Ledoit-Wolf vs Covariance simple estimationΒΆ
Covariance estimation can be regularized using a shrinkage parameter. Ledoit-Wolf estimates automatically this parameter. In this example, we compute the likelihood of unseen data for different values of the shrinkage parameter.

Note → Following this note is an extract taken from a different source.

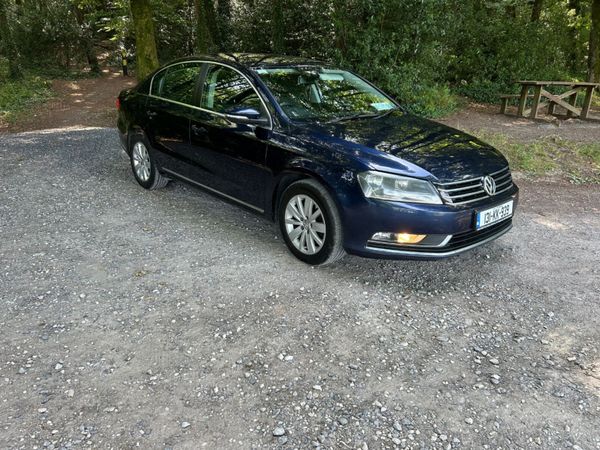 Volkswagen Passat Saloon, Diesel, 2013, Blue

The Ledoit-Wolf estimate reaches an almost optimal value.
Python source code: plot_covariance_estimation.py
print __doc__
import numpy as np
import pylab as pl
###############################################################################
# Generate sample data
n_features, n_samples = 30, 20
X_train = np.random.normal(size=(n_samples, n_features))
X_test = np.random.normal(size=(n_samples, n_features))
# Color samples
coloring_matrix = np.random.normal(size=(n_features, n_features))
X_train = np.dot(X_train, coloring_matrix)
X_test = np.dot(X_test, coloring_matrix)
###############################################################################
# Compute Ledoit-Wolf and Covariances on a grid of shrinkages
from scikits.learn.covariance import LedoitWolf, ShrunkCovariance
lw = LedoitWolf()
loglik_lw = lw.fit(X_train).score(X_test)
cov = ShrunkCovariance()
shrinkages = np.logspace(-2, 0, 30)
negative_logliks = [-cov.fit(X_train, shrinkage=s).score(X_test) \
for s in shrinkages]
###############################################################################
# Plot results
pl.loglog(shrinkages, negative_logliks)
pl.xlabel('Shrinkage')
pl.ylabel('Negative log-likelihood')
pl.vlines(lw.shrinkage_, pl.ylim()[0], -loglik_lw, color='g',
linewidth=3, label='Ledoit-Wolf estimate')
pl.legend()
pl.show()